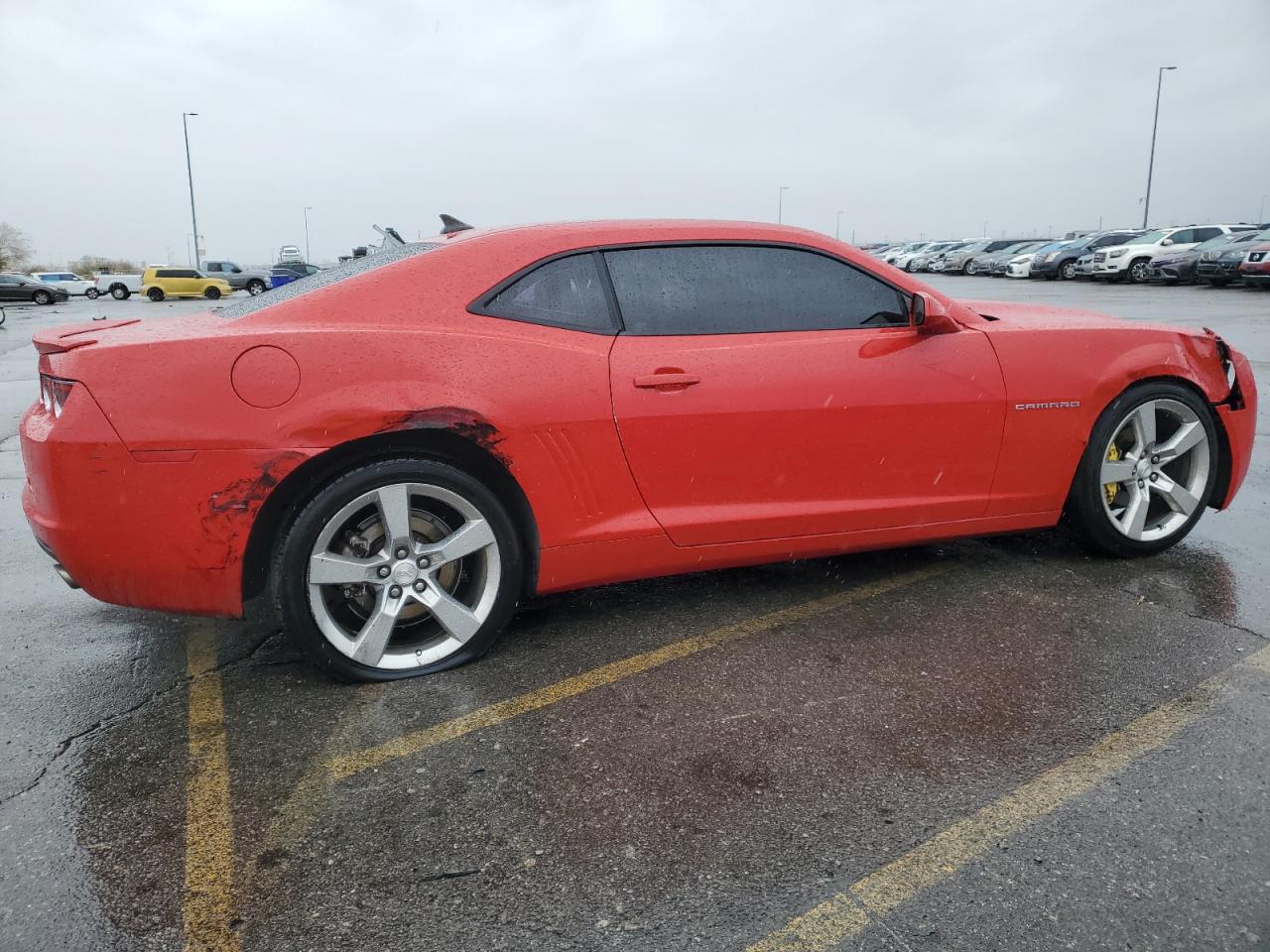 2013 Chevrolet Camaro - Image 3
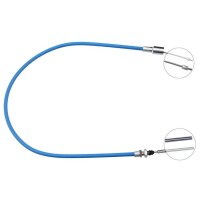 Cable pull overrun brake 1,170 mm Hook attachment...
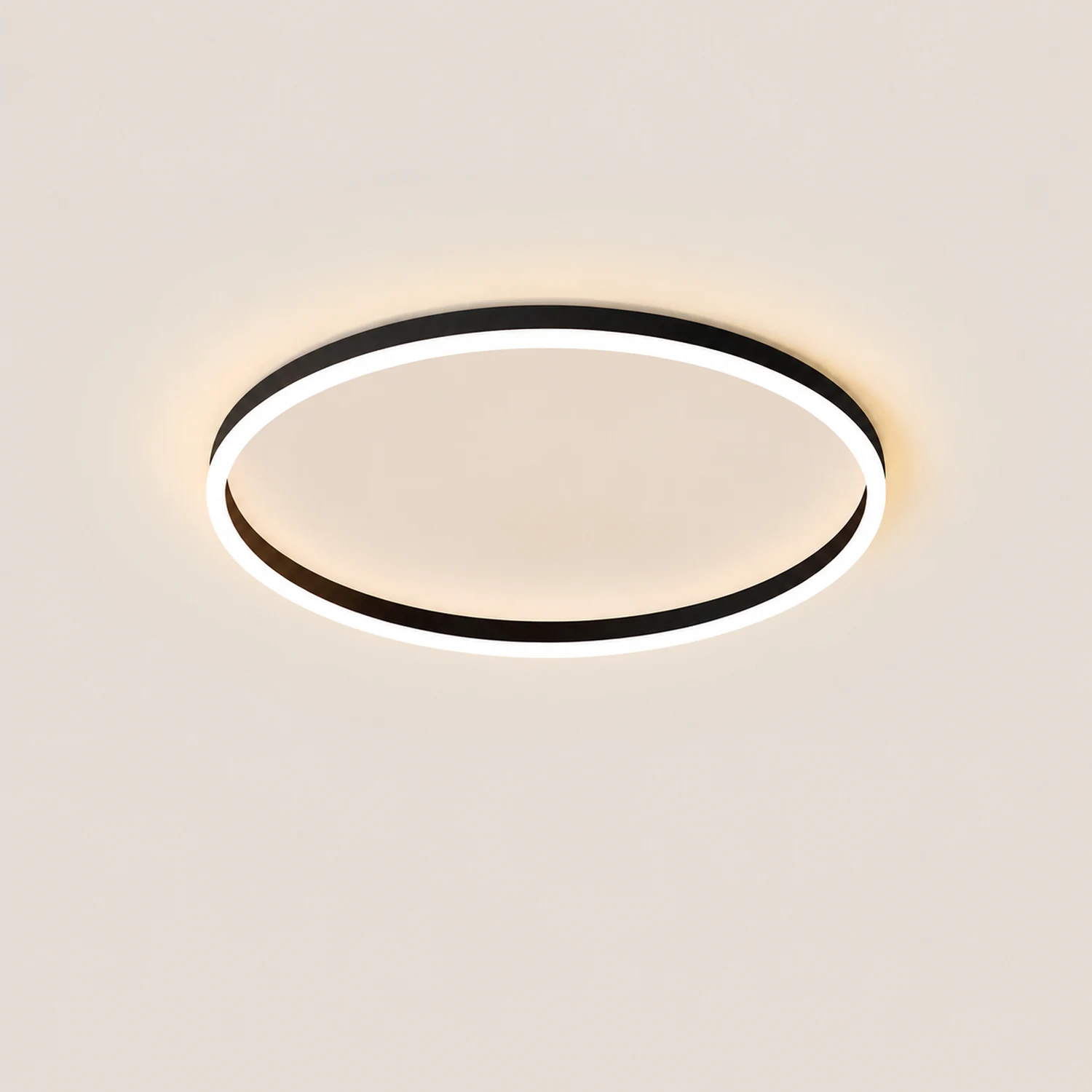 Arisha Deckenleuchte Ring Dimmbar, ∅40/50CM - Lumpaz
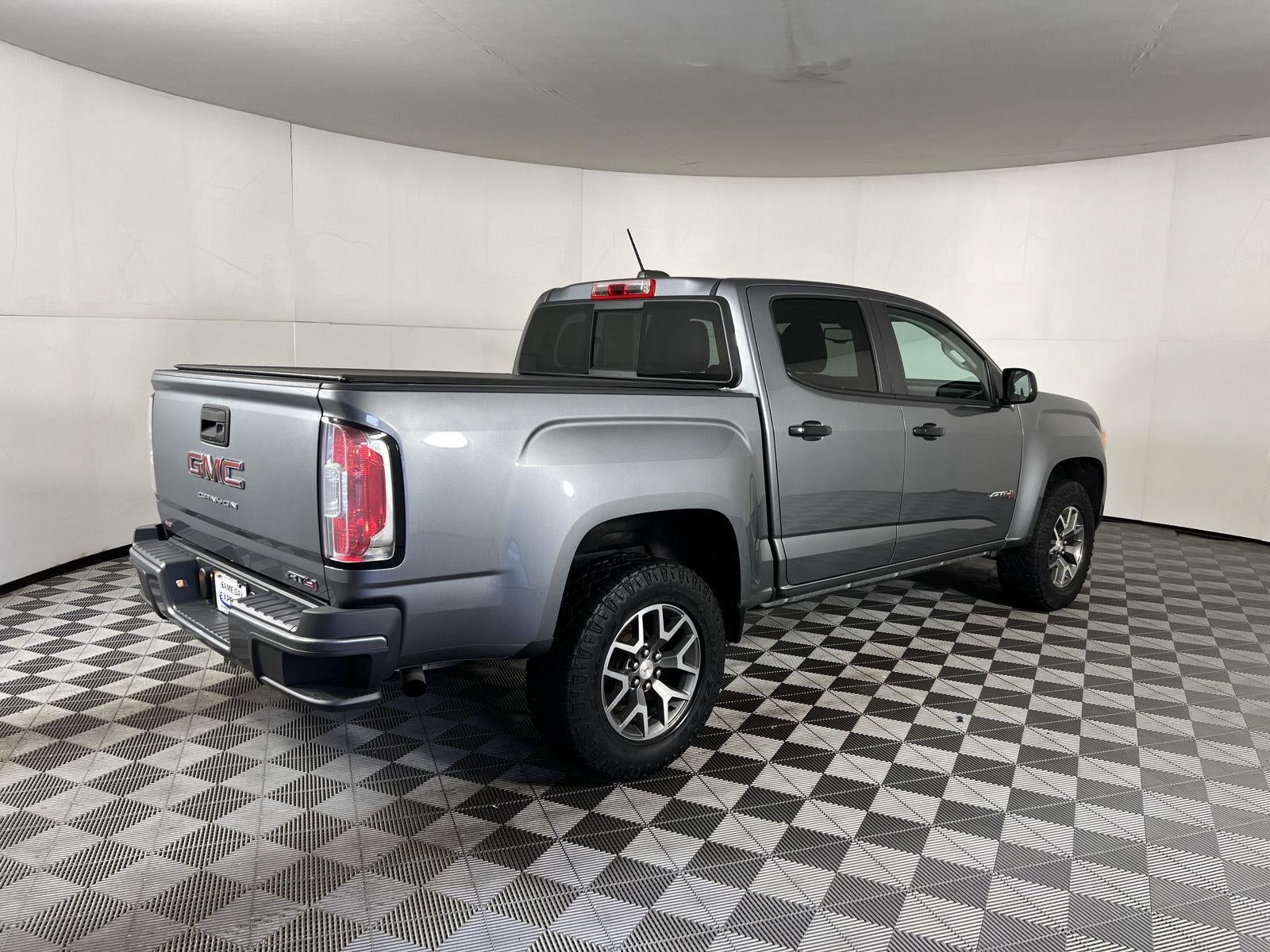 2021 GMC Canyon 4WD AT4 w/Cloth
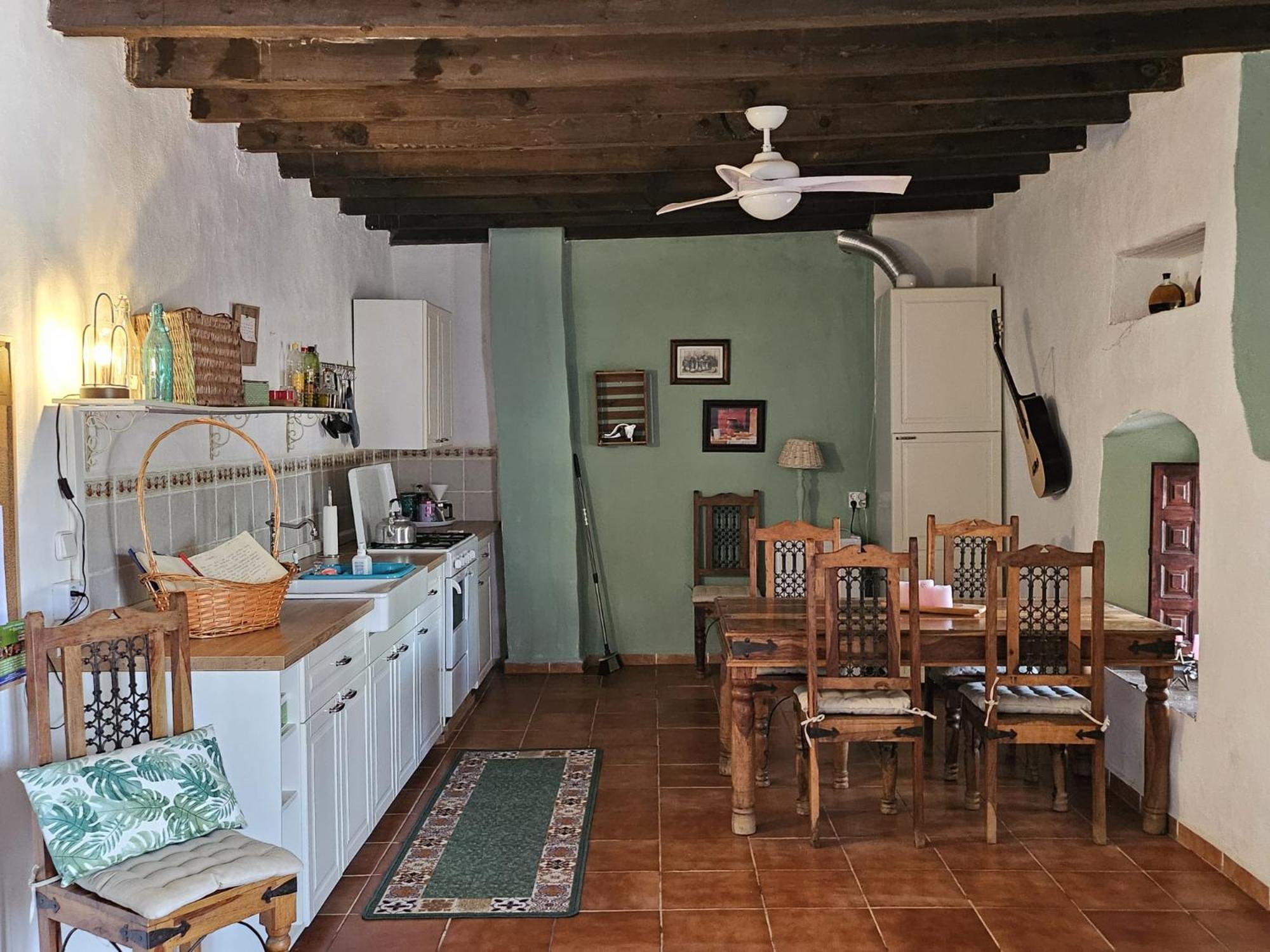 Experience Alpacas In Andalucia Appartement Córdoba Kamer foto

### Aim of the task
The expected answer is the lines from the one that has "Cable pull overrun" to the end of the listing, transcribed exactly, with pictures left out and no other line added.

### Solution to the exercise
 Cable pull overrun brake 1,170 mm Hook attachment...
 Arisha Deckenleuchte Ring Dimmbar, ∅40/50CM - Lumpaz
 2021 GMC Canyon 4WD AT4 w/Cloth
 Experience Alpacas In Andalucia Appartement Córdoba Kamer foto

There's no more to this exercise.